Probably this was the moment of highest knowledge that a
scholar could ever reach. He had under his eyes the whole
educational staff of the Government at a time when the Government
had just reached the heights of highest activity and influence.
Since 1860, education had done its worst, under the greatest
masters and at enormous expense to the world, to train these two
minds to catch and comprehend every spring of international
action, not to speak of personal influence; and the entire
machinery of politics in several great countries had little to do
but supply the last and best information.
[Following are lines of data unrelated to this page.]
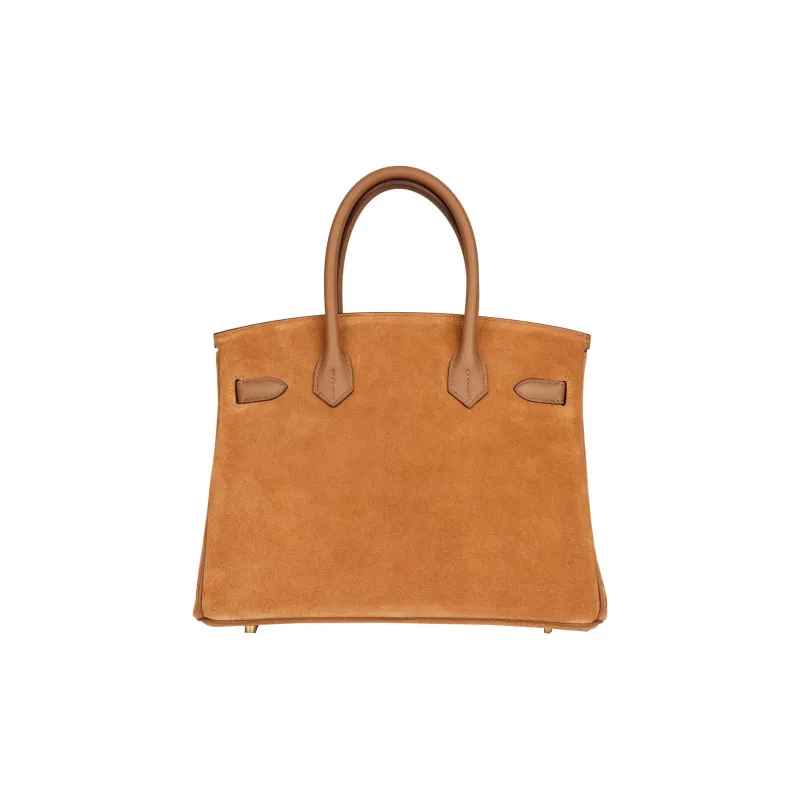 HERMES Birkin Grizzly Leather With Swift Calfskin Birkin Bag Handbags Women's Chestnut-2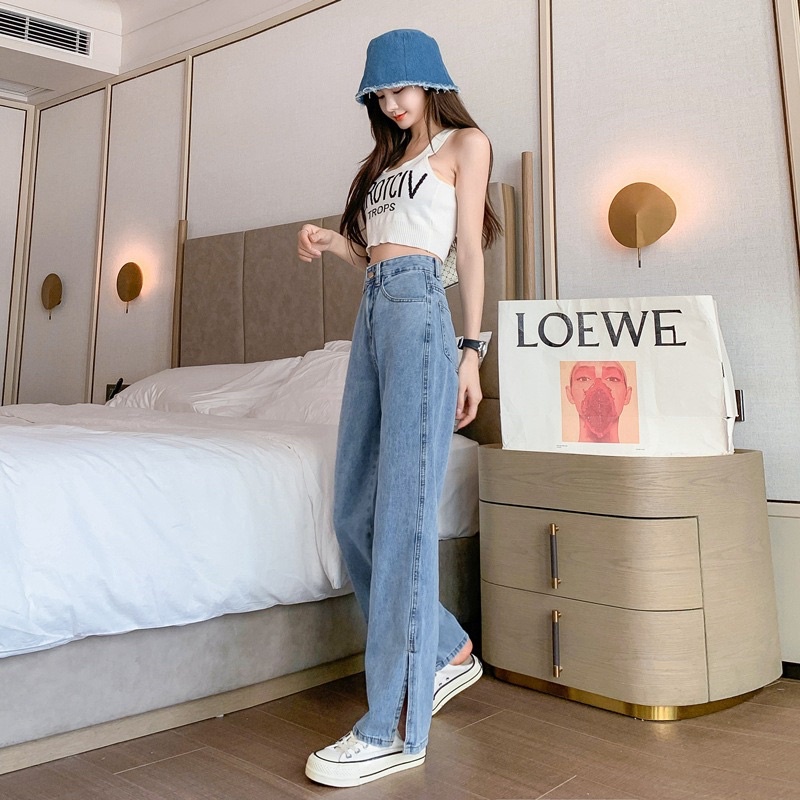 Quần  Dài  Jeans  Nữ Cạp Cao Ống Rộng Xuông  Xẻ Sườn Thời Trang  Hàn Quốc  006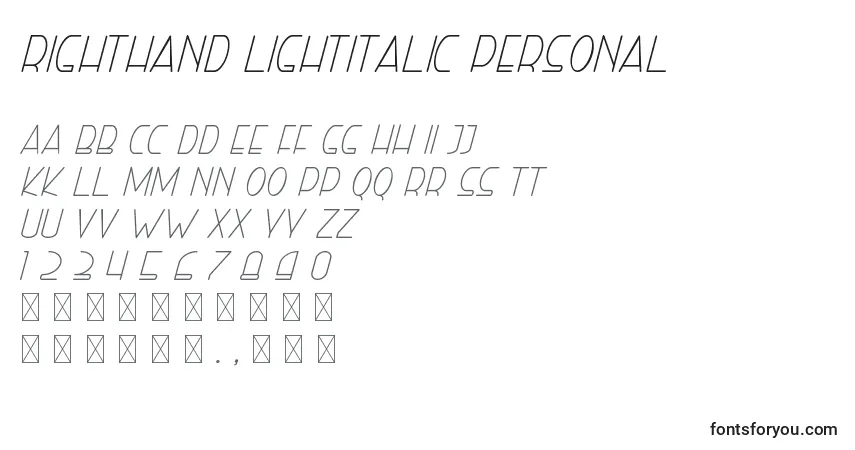 Schriftart Righthand lightitalic personal – Alphabet, Zahlen, spezielle Symbole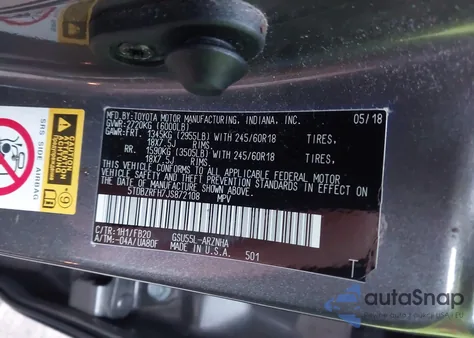 2018 Toyota Highlander Le from USA, damaged, VIN 5TDBZRFH7JS872108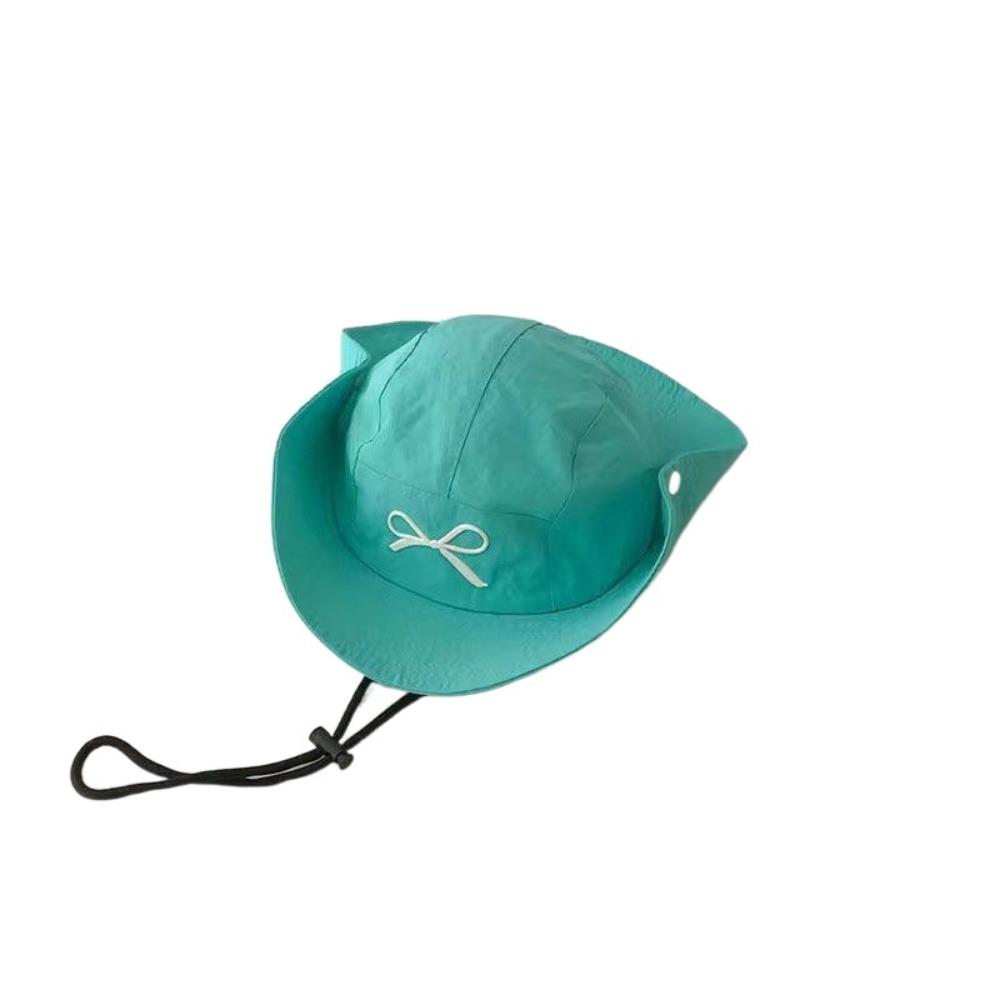 

Anti-UV Children s Fisherman Hat Bow Embroidery Bucket Cap New Summer Kid Sunhat for Girls Boys синій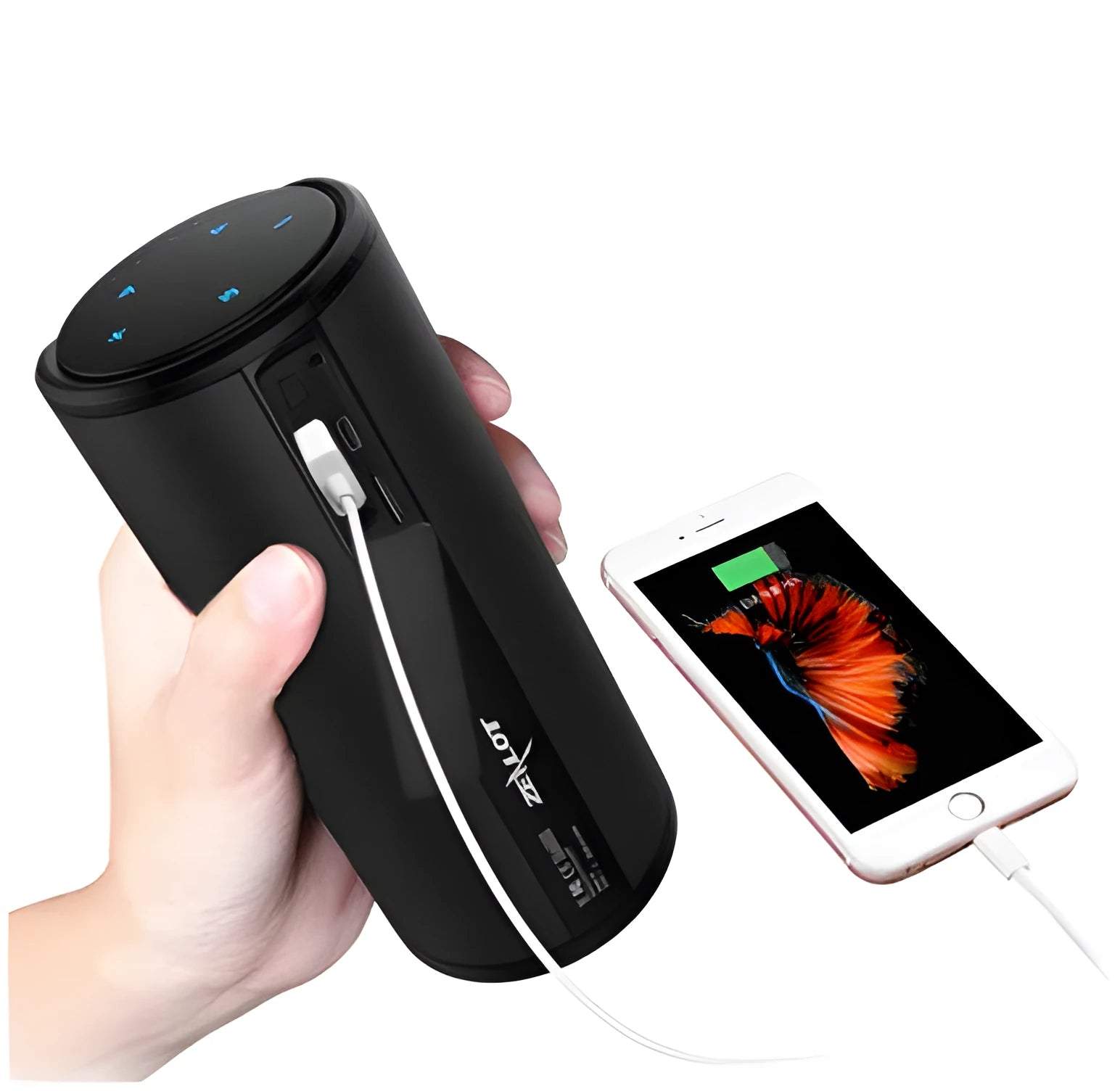 Compact wireless Bluetooth speaker in black, blue, or red with 4000mAh battery.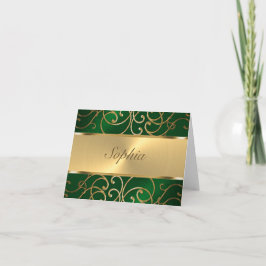 Quinceanera Emerald Green en Gold Filigree Swirls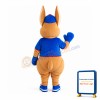 Big Ears Kangaroo With Blue Clothes Mascot Costume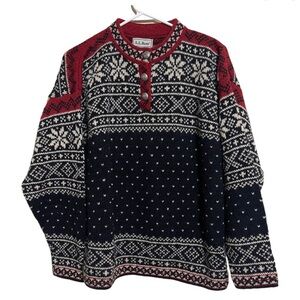 L.L.Bean Vintage Womens Black Sweater Fair Isle
Icelandic Ski Apres Nordic Knit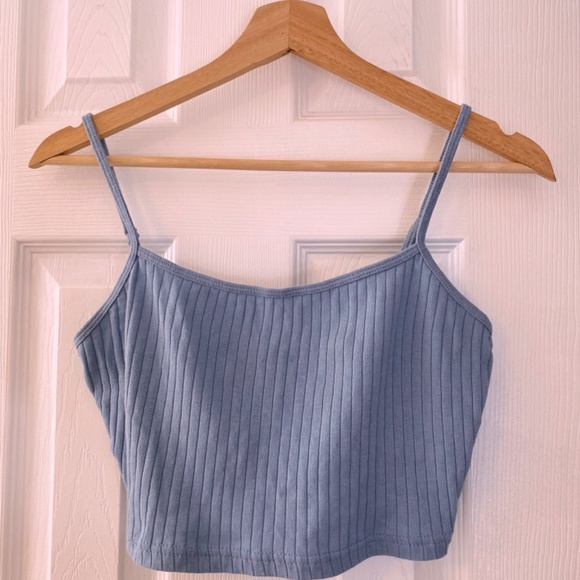 dusty blue crop top (adjustable) - Picture 2 of 2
Education could be
carried no further.
With its effects on Hay, Adams had nothing to do; but its
effects on himself were grotesque. Never had the proportions of
his ignorance looked so appalling. He seemed to know nothing --
to be groping in darkness -- to be falling forever in space; and
the worst depth consisted in the assurance, incredible as it
seemed, that no one knew more. He had, at least, the mechanical
assurance of certain values to guide him -- like the relative
intensities of his Coal-powers, and relative inertia of his
Gun-powers -- but he conceived that had he known, besides the
mechanics, every relative value of persons, as well as he knew
the inmost thoughts of his own Government -- had the Czar and the
Kaiser and the Mikado turned schoolmasters, like Hay, and taught
him all they knew, he would still have known nothing.